Activity -
Below is a listing; reproduce exactly its lines from the one containing "Puede incluir: Sobre" to its last line, both ends kept, and no other lines.

───── Recorded data

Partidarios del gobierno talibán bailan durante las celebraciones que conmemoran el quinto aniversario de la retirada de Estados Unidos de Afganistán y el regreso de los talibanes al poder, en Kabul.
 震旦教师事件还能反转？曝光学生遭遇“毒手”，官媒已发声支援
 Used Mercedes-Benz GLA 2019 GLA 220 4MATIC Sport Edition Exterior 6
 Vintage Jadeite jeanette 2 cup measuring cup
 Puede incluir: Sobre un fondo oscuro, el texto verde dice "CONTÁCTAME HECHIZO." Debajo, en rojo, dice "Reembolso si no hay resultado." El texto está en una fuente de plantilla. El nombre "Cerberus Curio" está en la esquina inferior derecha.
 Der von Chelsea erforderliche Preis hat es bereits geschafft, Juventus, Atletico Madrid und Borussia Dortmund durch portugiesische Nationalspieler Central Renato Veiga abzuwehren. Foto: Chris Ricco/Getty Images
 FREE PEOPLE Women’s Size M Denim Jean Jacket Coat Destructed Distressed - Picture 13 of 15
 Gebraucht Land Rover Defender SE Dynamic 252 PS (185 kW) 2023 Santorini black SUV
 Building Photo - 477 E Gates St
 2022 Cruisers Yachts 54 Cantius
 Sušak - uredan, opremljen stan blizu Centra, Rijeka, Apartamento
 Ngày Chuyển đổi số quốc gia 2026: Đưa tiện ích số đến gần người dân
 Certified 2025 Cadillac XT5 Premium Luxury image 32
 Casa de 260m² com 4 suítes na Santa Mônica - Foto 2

──────────

Finished exercise -
 Puede incluir: Sobre un fondo oscuro, el texto verde dice "CONTÁCTAME HECHIZO." Debajo, en rojo, dice "Reembolso si no hay resultado." El texto está en una fuente de plantilla. El nombre "Cerberus Curio" está en la esquina inferior derecha.
 Der von Chelsea erforderliche Preis hat es bereits geschafft, Juventus, Atletico Madrid und Borussia Dortmund durch portugiesische Nationalspieler Central Renato Veiga abzuwehren. Foto: Chris Ricco/Getty Images
 FREE PEOPLE Women’s Size M Denim Jean Jacket Coat Destructed Distressed - Picture 13 of 15
 Gebraucht Land Rover Defender SE Dynamic 252 PS (185 kW) 2023 Santorini black SUV
 Building Photo - 477 E Gates St
 2022 Cruisers Yachts 54 Cantius
 Sušak - uredan, opremljen stan blizu Centra, Rijeka, Apartamento
 Ngày Chuyển đổi số quốc gia 2026: Đưa tiện ích số đến gần người dân
 Certified 2025 Cadillac XT5 Premium Luxury image 32
 Casa de 260m² com 4 suítes na Santa Mônica - Foto 2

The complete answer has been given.